And the Lions could do better. They could do better than losing on the opening weekend of the playoffs. They could do better than fumbling in the dark for their second postseason win since 1957. They could do better than blowing the division while Aaron Rodgers sits out with injury. They could do better than see any hope extinguished by the lowly Cincinnati Bengals.
Caldwell had success but it was hollow. Lions fans are too often blind to the low bar they’ve set for the team.
Matthew Stafford, currently the highest-paid player in the sport, is the best quarterback to put on Honolulu blue and silver in the past 60 years. Darius Slay takes away half the field on defense. Matt Prater is the ultimate crunch-time weapon.

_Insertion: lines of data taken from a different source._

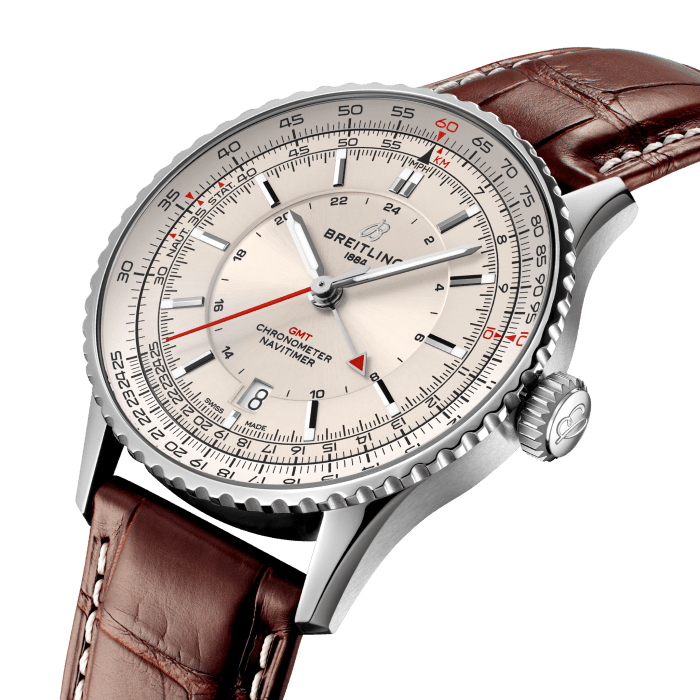 航空计时世界时间自动机械腕表41（Navitimer Automatic GMT 41）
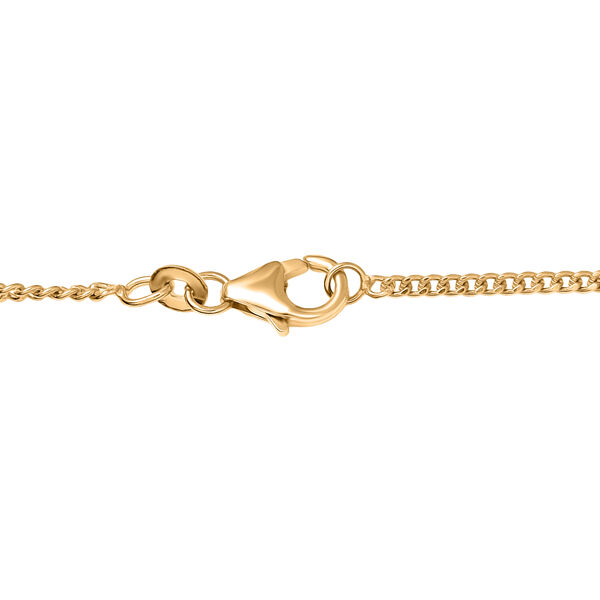 D'Joy AA Nat&uuml;rlicher Rhodolith Granat, Wei&szlig;er Zirkon Halskette ca. 45 cm 925 Silber 750 Gelbgold Vermeil ca. 19,12 ct. image number 4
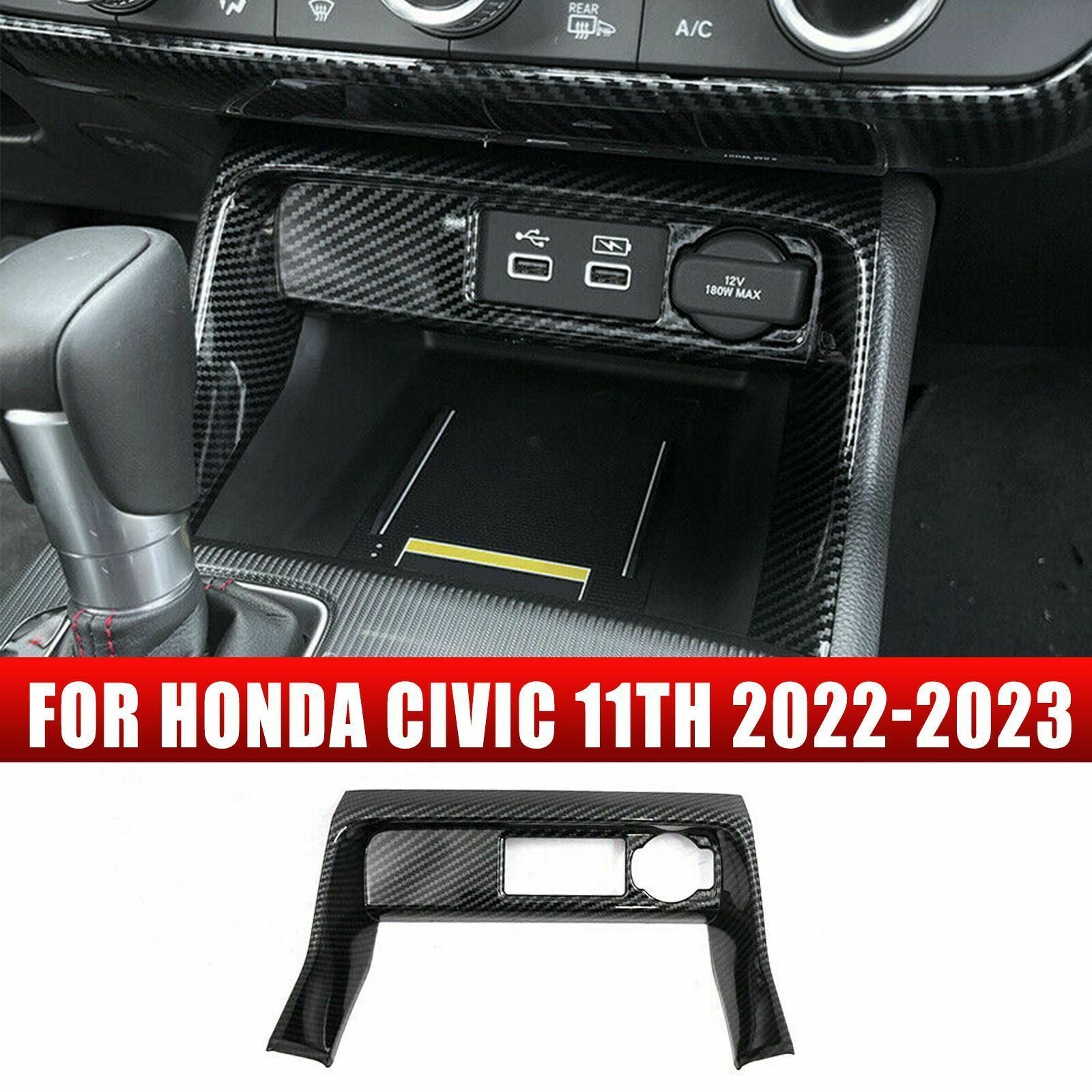 for 2021 - 23 for Sienna Woodgrain Style Center Console Gear Shift Panel Trim- v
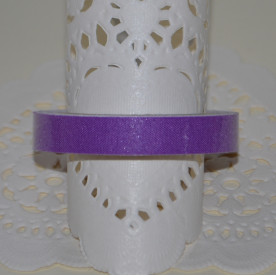 Стрічка тканинна на клейовий основі, яскраво-фіолетова, 10 мм, 4 м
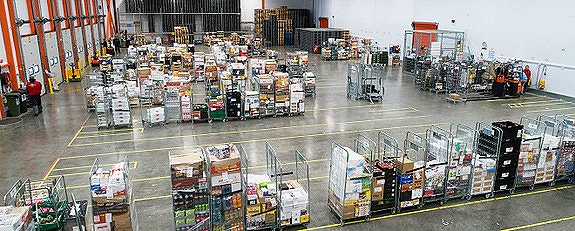 Klar til lasting og levering kunde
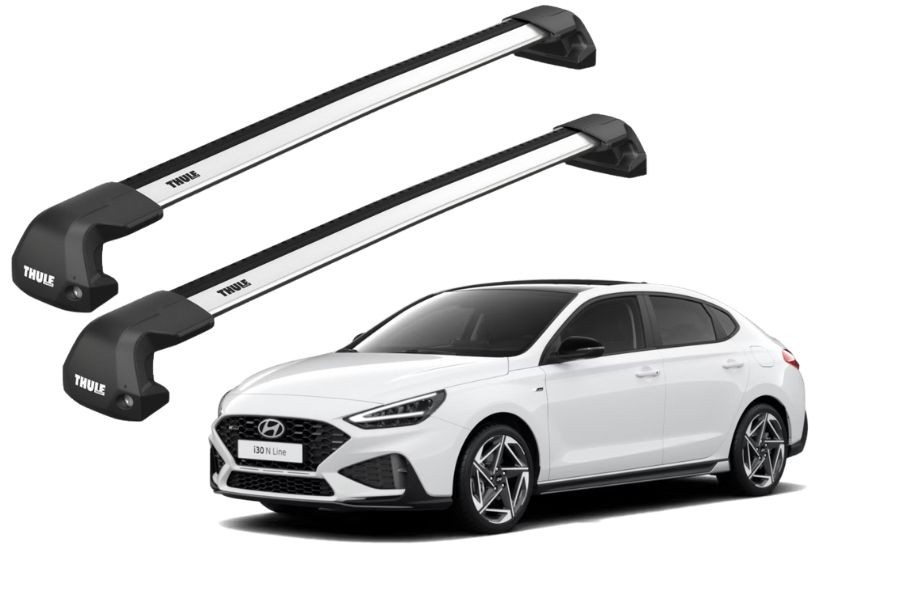 Barras THULE EDGE Flush para autos HYUNDAI i30 Fastback desde 2018 - 2020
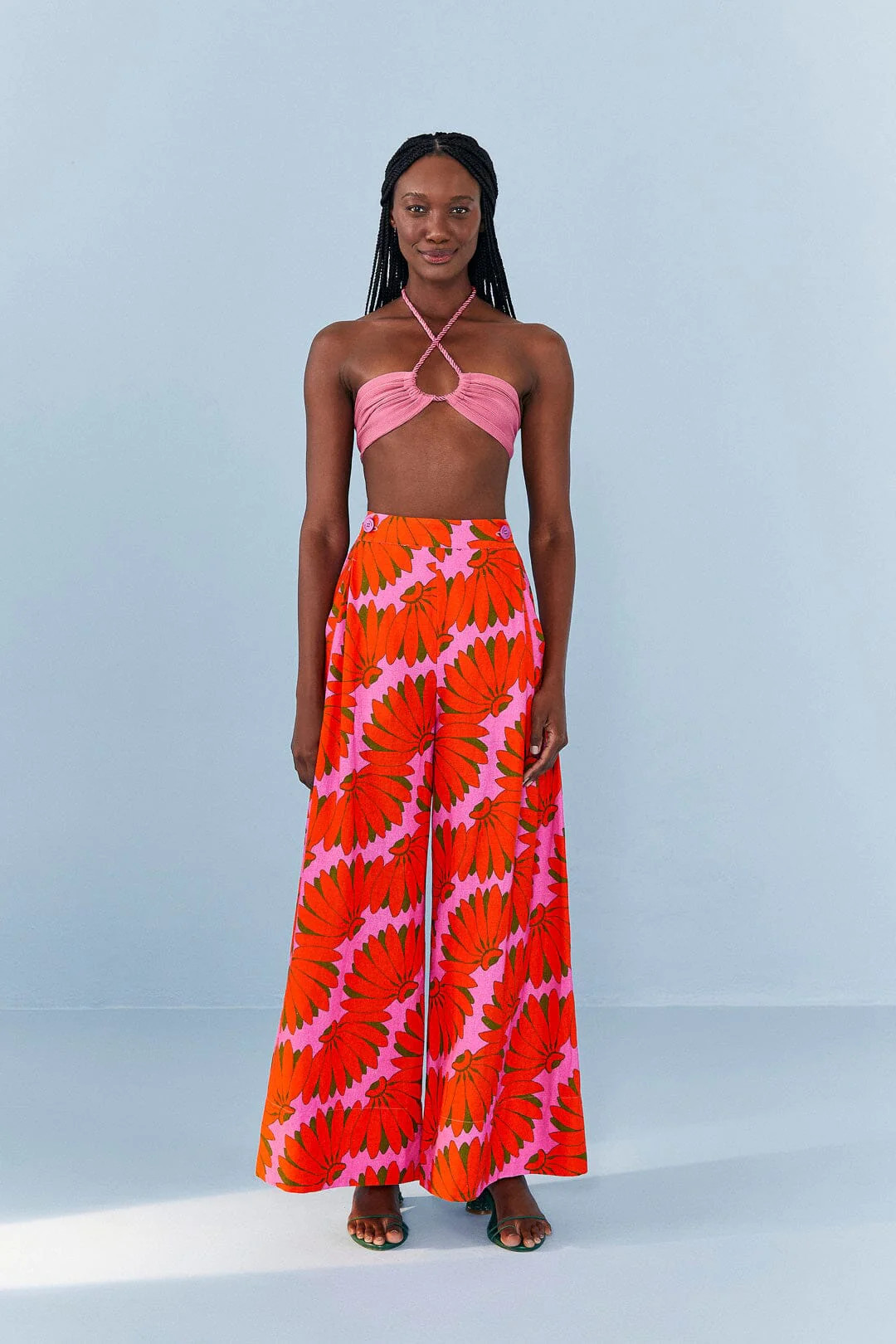 pink copacabana pants | FarmRio (US)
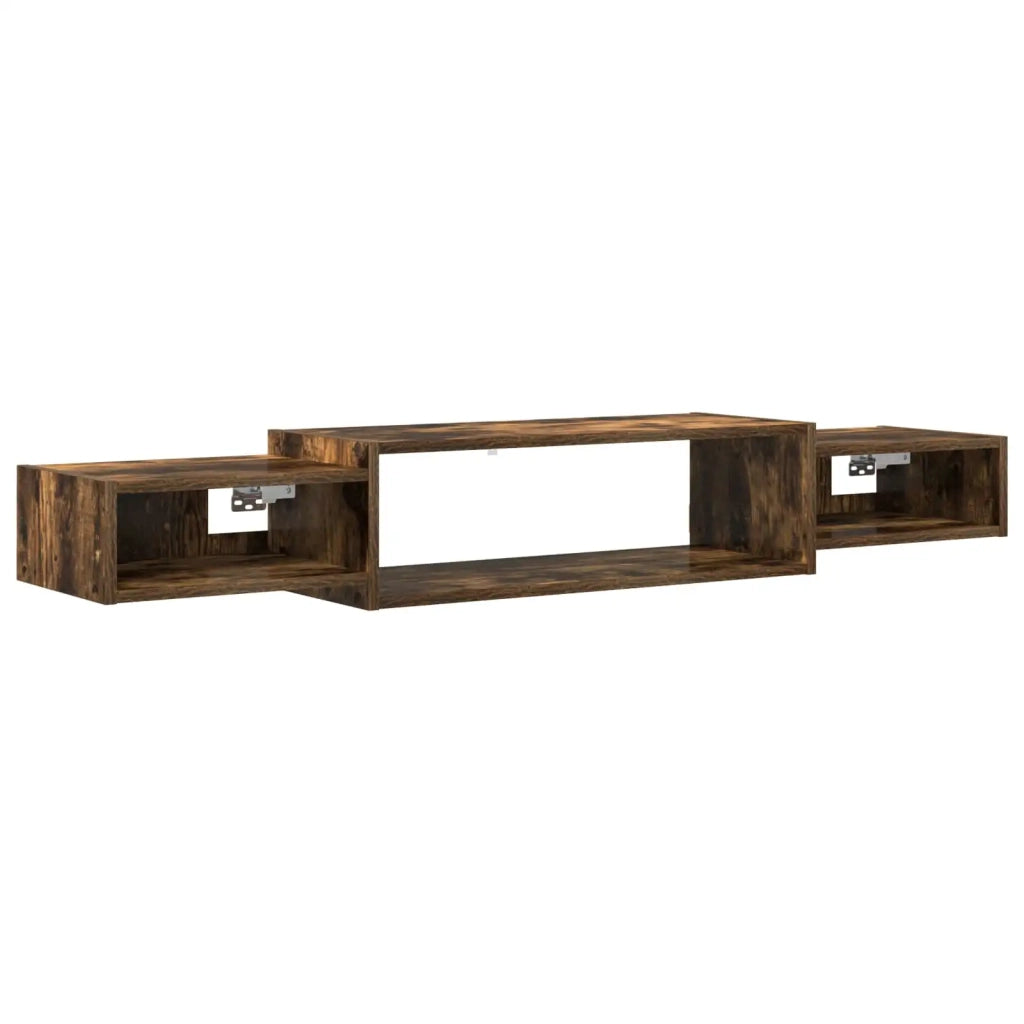 Mobile TV da Parete A parete-Credenza per TV sospesa Rovere Fumo 140 x 28 x 21 cm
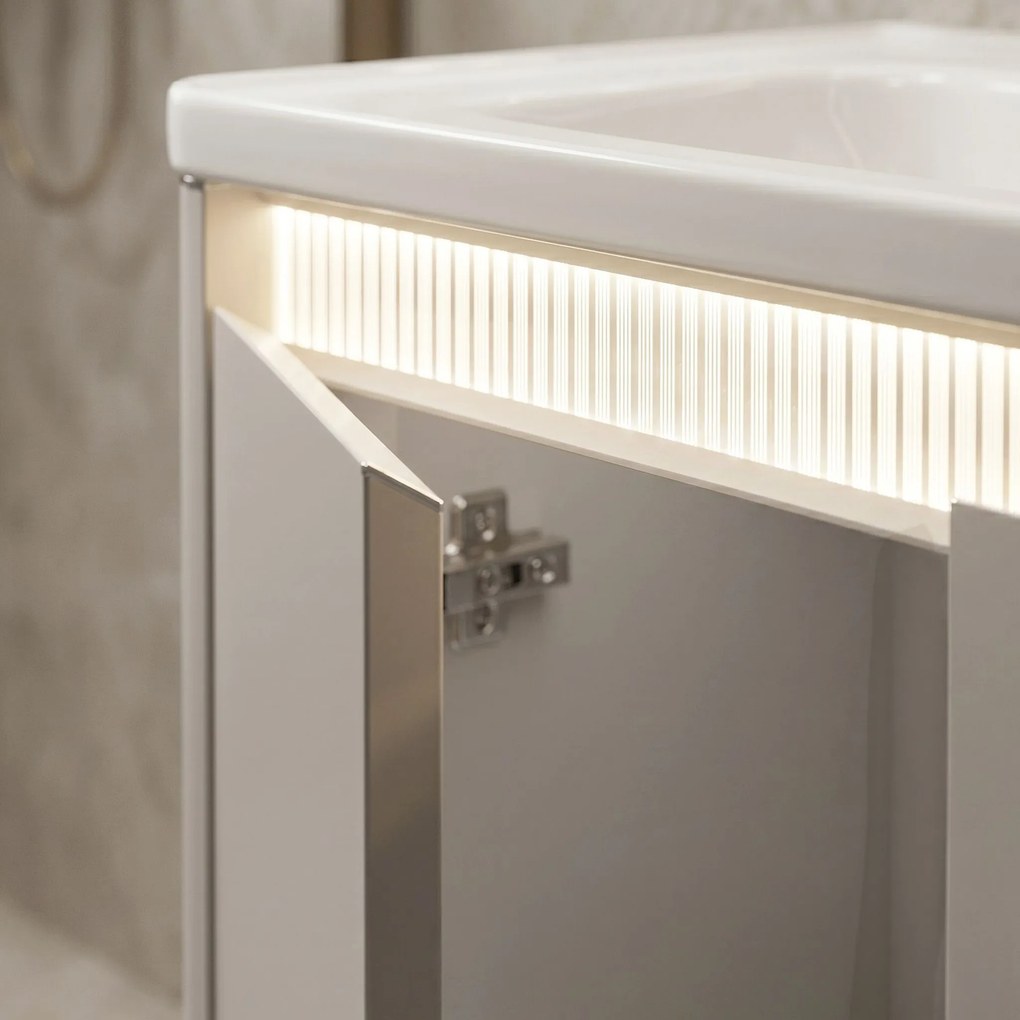Комплект мебели за баня с мивка DE07-60 Beige 60CM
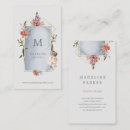 Recherche de monogramme floral cartes visite Cru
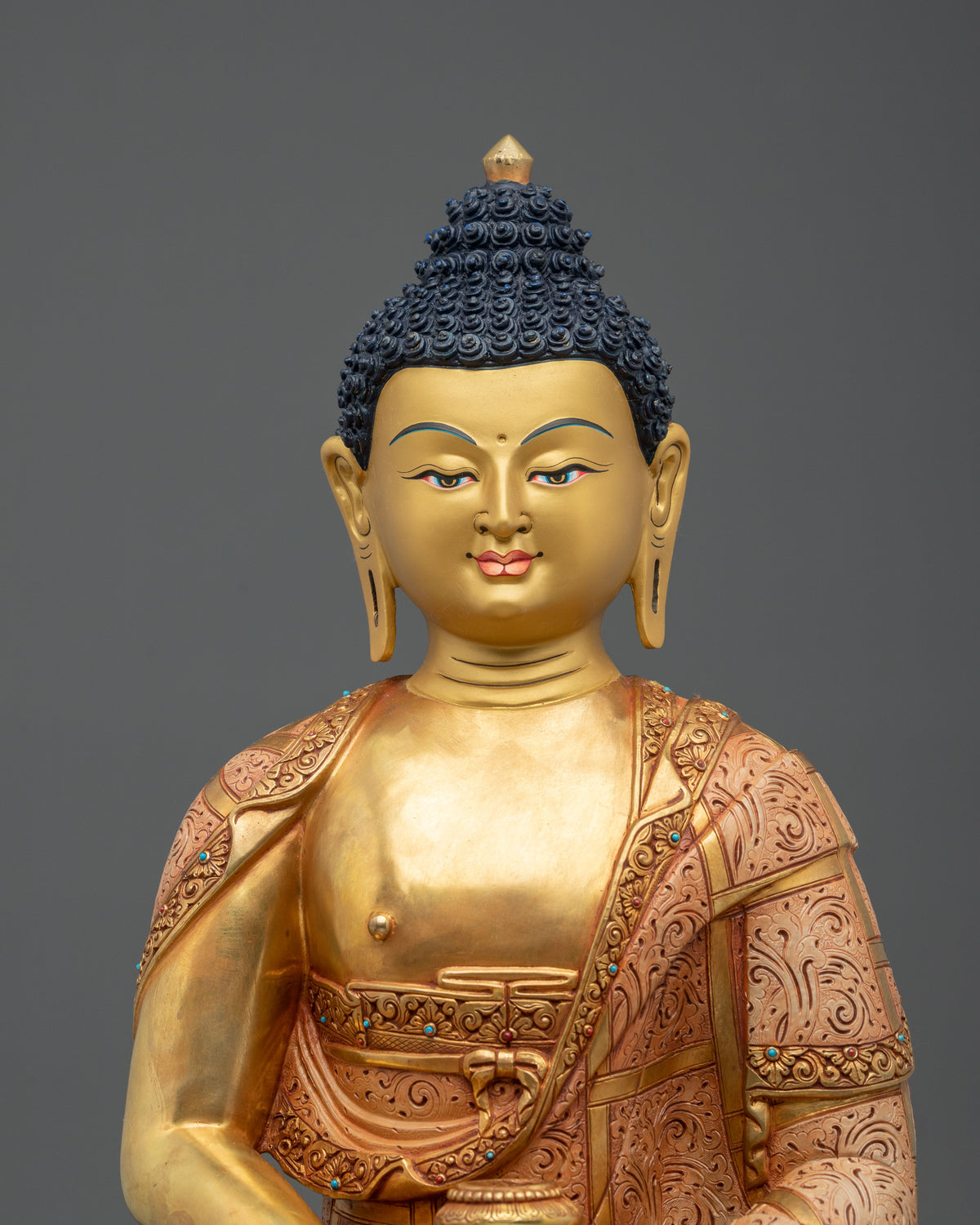Amitabha Buddha Copper Statue | Tibetan Buddhist Figurine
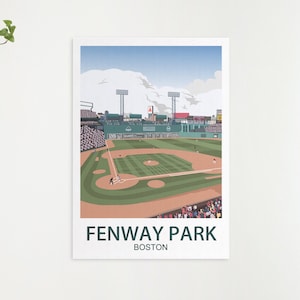 Fenway Park Boston Print - Baseball Gifts - Fenway Park Poster - Baseball Poster - Baseball Art Print - Boston Red Sox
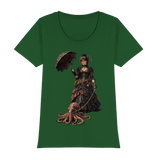 Steampunk-Lady mit Oktopus - Womens Premium Classic T-Shirt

The point: in the cyclical NFL, there’s absolutely no reason a franchise should be so underwhelming for so long. Caldwell got them to the hump a few times, but it’s clear he’s not the guy to get them over it.
His terrible in-game management was obvious. The Lions repeatedly failed to field a full team on defense and special teams. They kicked deep when an onside was in order. They allowed Green Bay to win on a Hail Mary because Caldwell didn’t think Rodgers could throw the ball 60 yards.
He was often conservative when he should have been aggressive and vice versa. And he did all this while showing zero emotion. Once, just once, it would have been great to see someone on the sidelines who appeared emotionally invested in the outcome.
Maybe the next guy will be. Maybe, just maybe, the Lions are going to start acting like a real organization with real goals.
Anything feels possible on New Year’s Day.